By James D. Robenalt
On the afternoon of October 1, 1973, President Richard M. Nixon and his chief of staff, Alexander M. Haig, Jr., slipped away from the White House and went for a rambling, nearly two-hour car ride through the Washington countryside.
Nixon and Haig left the White House because they did not want to risk anyone overhearing them talk about a sensitive matter. Or perhaps they feared that someone might use remnants of the White House recording system, though it was supposedly disconnected, to capture their words. Given all the leaks to the press, and the exposure of just about every administration secret up to and including the existence of the White House tapes, paranoia wasn’t entirely unjustified.
Just prior to this unscheduled outing, Nixon’s long-time personal secretary, Rose Mary Woods, had come to the president in a panic. She breathlessly told him she had accidentally caused a four to five minute buzz on a subpoenaed tape she had been transcribing. And the recording appeared to be a crucial one: it encompassed meetings on June 20, 1972 between the president and his top aides, H. R. “Bob” Haldeman and John D. Ehrlichman, on what was Nixon’s first day back in the White House since the Watergate break-in, which had occurred three days earlier.
Nixon told Woods not to worry, as he didn’t think the specific portion of the tape she accidentally altered had been subpoenaed. Still, he immediately called Haig, according to Nixon’s memoir RN, and told him what happened. The two men then left the White House for their impromptu car ride.[1]
Two months after Woods’s private admission, the discovery of an 18½ minute gap on that tape caused a national furor, second only to the public’s reaction to the Saturday Night massacre. Public disclosure of a two-toned buzz or hum that caused the gap in conversation supercharged calls for impeachment and finally unraveled the landslide electoral victory Nixon had achieved just two years earlier. It left the political landscape scarred, even four decades later, and plagued by culture wars that persist to this day. Nixon’s term could not have ended in a more devastating way for the office of the presidency or the nation.

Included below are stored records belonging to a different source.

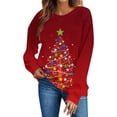 thumbnail image 5 of Purcolt Women's Christmas Sweatshirt Casual Crew Neck Loose Fit Long Sleeve Pullover Tops Ladies Fall Fashion Comfort Sweaters Outfits, 5 of 7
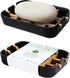 Soap Dishes for Bar Soap, Black Bamboo Bathroom Soap Holder for Shower and Sink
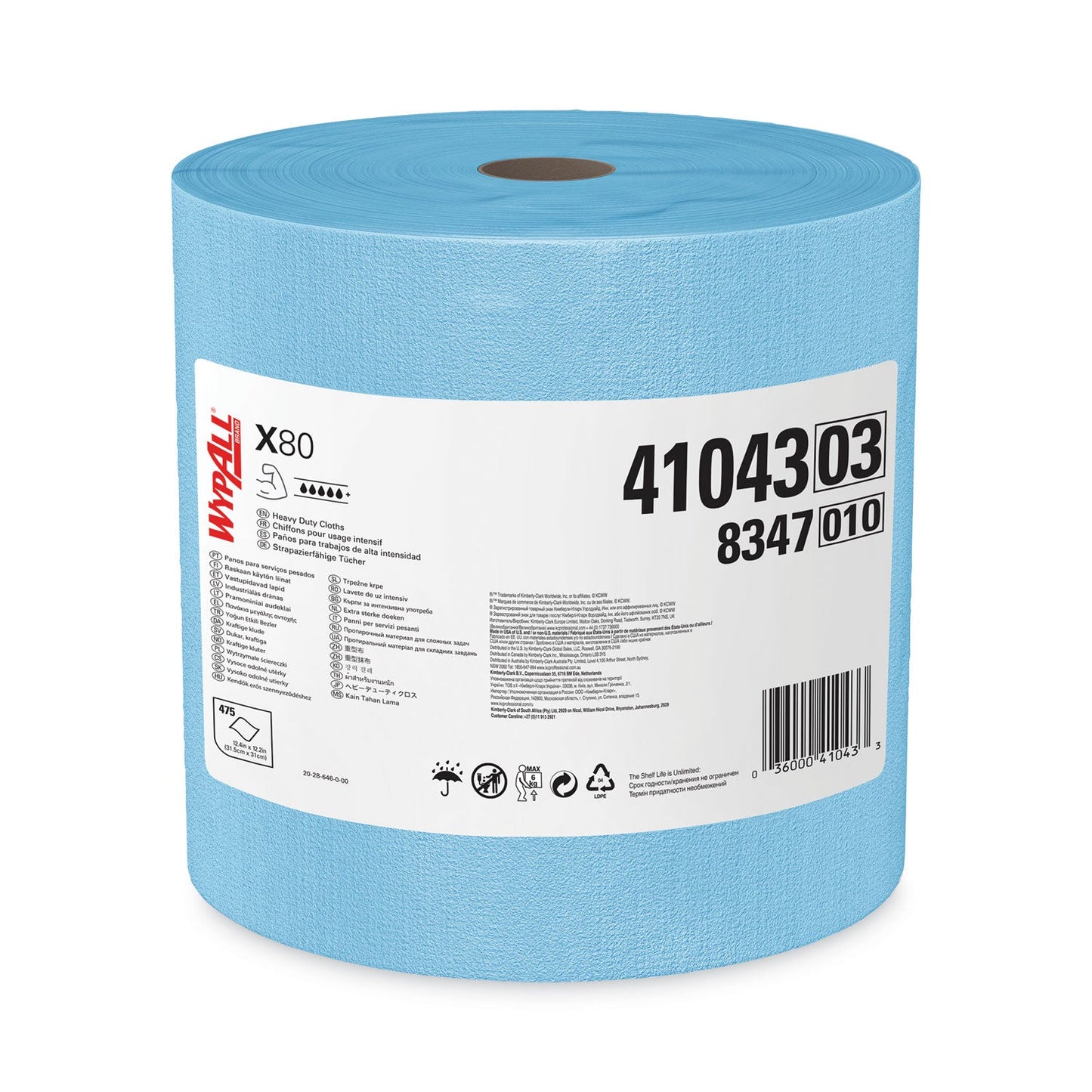 WypAll Power Clean X80 Heavy Duty Cloths, Jumbo Roll, 12.4 x 12.2, Blue, 475/Roll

Yet more than 40 years later, the infamous gap remains one of Watergate’s most enduring and tantalizing mysteries. Technological efforts to recover what was erased (or obscured by the humming noise) have all failed, although on fleeting portions of the tapes faint, almost ghostly, human voices can be detected. In 2009, it was thought that a forensic examination of Haldeman’s handwritten notes might reveal the substance of the conversation. That experiment by the National Archives failed too.
Recently released testimony from Nixon himself just might hold the key to unscrambling what happened forty years ago. And it turns out that answering two of the three main questions about the gap—who caused it and why—not only solves most of a historical mystery, but is also critical to understanding Nixon’s downfall.